Rapidly unfolding events in China are rattling the international business community. An economic slowdown is piling on top of propaganda-fueled anti-Japan demonstrations, spectacular corruption and crime scandals reaching into the leadership, and signs of deep divisions within the Communist Party aristocracy just a month before the China’s once-in-a-decade leadership transition.
It is time to realize that the era of Deng Xiaoping is over. Dramatic reforms pushed through by a strongman ended when Premier Zhu Rongji retired a decade ago. A party that lacks consensus now must reach unanimity at the top—all in a political culture where dispute resolution is defined as “I crush you,” and compromise comes in the form of “I win, you lose.”
Those who assume that the 18th Party Congress slated for late October will end with a visionary and united group quickly enacting targeted stimulus spending to goose short-term growth and far-reaching reforms to rejigger the China Model may want to take some deep breaths. As the country emerges from its version of a combined Gilded Age and Robber Baron Era, those enriched by the current system and threatened by change won’t step aside willingly.

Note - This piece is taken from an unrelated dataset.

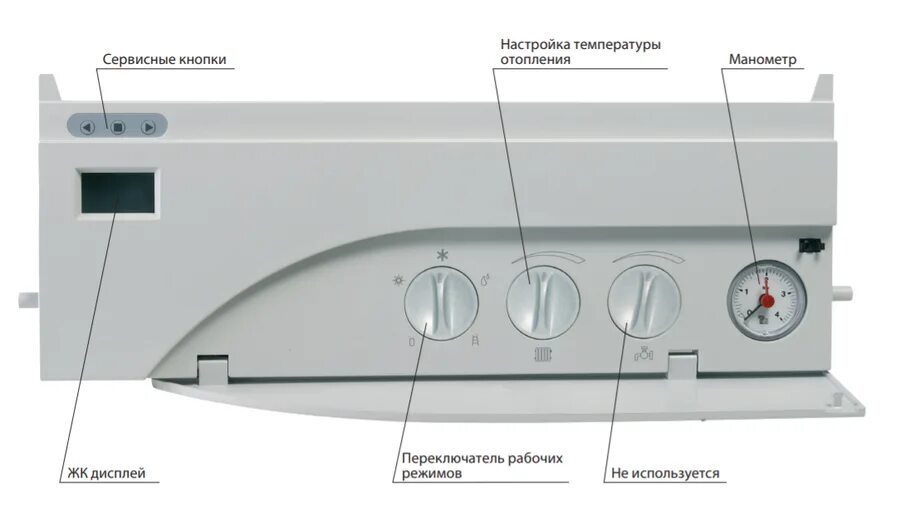 Котел thermona инструкция. Котел thermona инструкция. Therm duo 50 ft. Проточный выключатель для котлов thermona. Схема котла термона 28.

Perhaps Deng’s one remaining legacy will be his aphorism of China crossing the river by feeling the stones. But the rocks are more slippery and the waters more treacherous than ever before—at home and abroad. Continuous uncertainty is likely to be a certainty for those doing business in and with China for at least the next few years.
What signs should business people look for to decide whether to double-down on China or redouble efforts to mitigate China risk? Don’t listen to what the Chinese government says, watch what it does. If the downtrodden private sector is unleashed and state enterprise rolled back, China can move forward with impressive speed. If state enterprise remains unscathed or emboldened, look for opportunity, growth and stability elsewhere.